Association president Elozi Lomponda with schoolchildren in Mankanza

While raising money to build a school that would save 600 children from having to undertake the perilous journey, the charity is already carrying out water safety campaigns and equipping kids with life jackets. Thanks to a private sponsor, they are also purchasing a 50-seater motor boat.

The island area around Mankanza in the Equateur province of the Democratic Republic of Congo is a poor and disadvantaged fishing community of 180,000 people with around 15,000 children using the river to travel to school. Between 2006 and 2011, 1,570 pupils drowned during their school journey.

The second longest river in Africa, known as the fleuve in French, is a mythical stretch of water that is both a life force for the region as well as a key transport network. Parents build dugout canoes for their children but cannot accompany them because of their need to work. From about eight years of age, the children set off - five or six per canoe - paddling for an hour each way.

Children risk their lives on their way to school

“They’ve barely eaten in the morning, they can’t manage the weather conditions and around 70% of them cannot swim,” says Lomponda, who points out that animal life and extreme temperatures are additional dangers.

Instinctively revolted by the idea of young people risking their lives to gain an education, Lomponda set off the DRC, accompanied by some friends. They took an internal flight from the capital Kinshasa before a seven-hour journey up the Congo River. Their destination was a barely accessible encampment of villages that has mushroomed around the local fishing industry.

Although of Congolese origin, Lomponda’s knowledge of the country was restricted to its capital. Fortunately she speaks Lingala, the local language. “We spoke to the children and they explained their daily life, living on islands in fishing camps and needing to study somewhere else,” she says.

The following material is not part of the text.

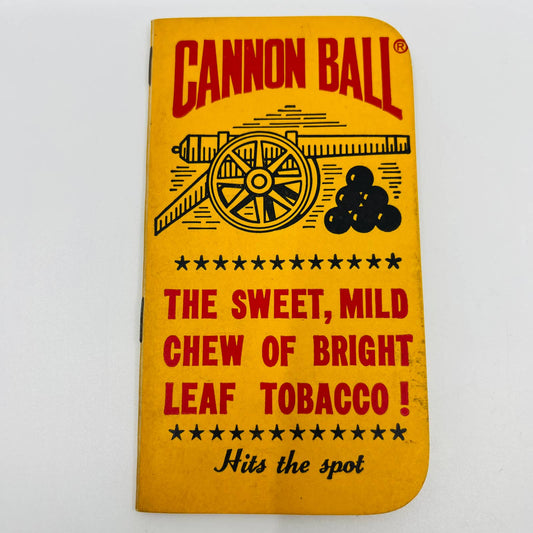 Vintage Cannon Ball Chewing Tobacco Memo Book Unused Pops Right Popcorn Ad C2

“The majority had lost at least one friend and there’s no psychological support,” adds Lomponda, “I met a mother who said that she cried each time she said goodbye to her child, frightened that like her neighbour, a bit of a schoolbag would be given to her and she’d be told that was all that had been found.”

Lomponda and her team had chosen a site for a new school, but the mission changed when they saw that there were already schools in the area. “We realised that the priority was to save lives,” she says.

The charity’s main objective is now to construct a local school on a nearby island where there is no such facility and to build it on stilts because of the risk of flooding. In the meantime they have launched a project in collaboration with an existing school, providing much-needed materials and installing running water and toilets.

The charity's plans for a school on stilts

With the water safety campaign also underway, they received a major boost when YouTuber Math se fait des films! was inspired to sponsor a motor boat.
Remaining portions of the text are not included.